Fourth Circuit affirms dismissal of whistleblower suit alleging fraud in construction of US Embassy in Baghdad

by Ben Vernia | July 27th, 2010

On July 16, in United States ex rel. Owen v. First Kuwaiti Gen’l Trad. & Cont. Co., the Fourth Circuit upheld the district court’s dismissal of a declined qui tam brought by a former construction foreman at the new US Embassy in Baghdad against his employer. In the case, the foreman alleged that the firm violated the False Claims Act by failing to meet contractual standards and for submitting false progress reports and a final inspection request. The court found that all of the items of which the whistleblower complained amounted to normal events in a complicated construction contract, and were rebutted by a consultant’s report commissioned by the government. The court wrote:

The sorts of allegations Owens makes are not ones that we take lightly. But neither is their accuracy a conclusion that may lightly be reached. To be entitled to a trial on his claims, Owens was obliged to come forward with evidence that First Kuwaiti knowingly made false representations. He largely failed to show that First Kuwaiti’s claims and statements were arguably false and he failed entirely to show that First Kuwaiti either had actual knowledge or recklessly disregarded he possibility of its billing for work that was anything other than was claimed. What Owens has presented are garden variety issues of contractual performance—in this case, under a series of complex contracts pertaining to a construction project of massive scale.
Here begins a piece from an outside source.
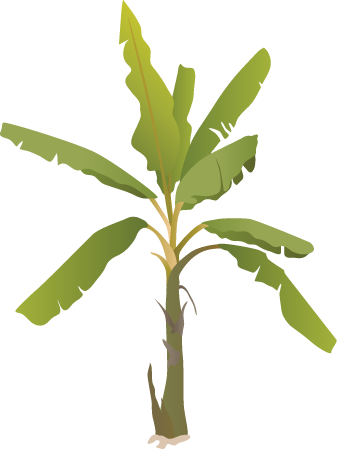 Banana Tree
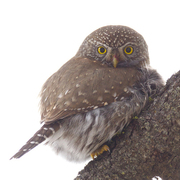 Northern Pygmy-Owl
There is a difference between a false statement sufficient to support a claim of fraud, on the one hand, and honest disagreements, routine adjustments and corrections, and sincere and comparatively minor oversights, on the other. “Bad math is no fraud, proof of mistakes is not evidence that one is a cheat, and the common failings of engineers and other scientists are not culpable under the Act.” Hagood v. Sonoma County Water Agency, 81 F.3d 1465, 1478 (9th Cir. 1996) (internal quotation marks omitted). Likewise, “[a]n FCA relator cannot base a fraud claim on nothing more than his own interpretation of an imprecise contractual provision.” Wilson, 525 F.3d at 378.

The court likewise upheld the dismissal of his retaliation claims, finding that he had proved neither that he had engaged in protected activity, nor that the company had retaliated against him because of his actions.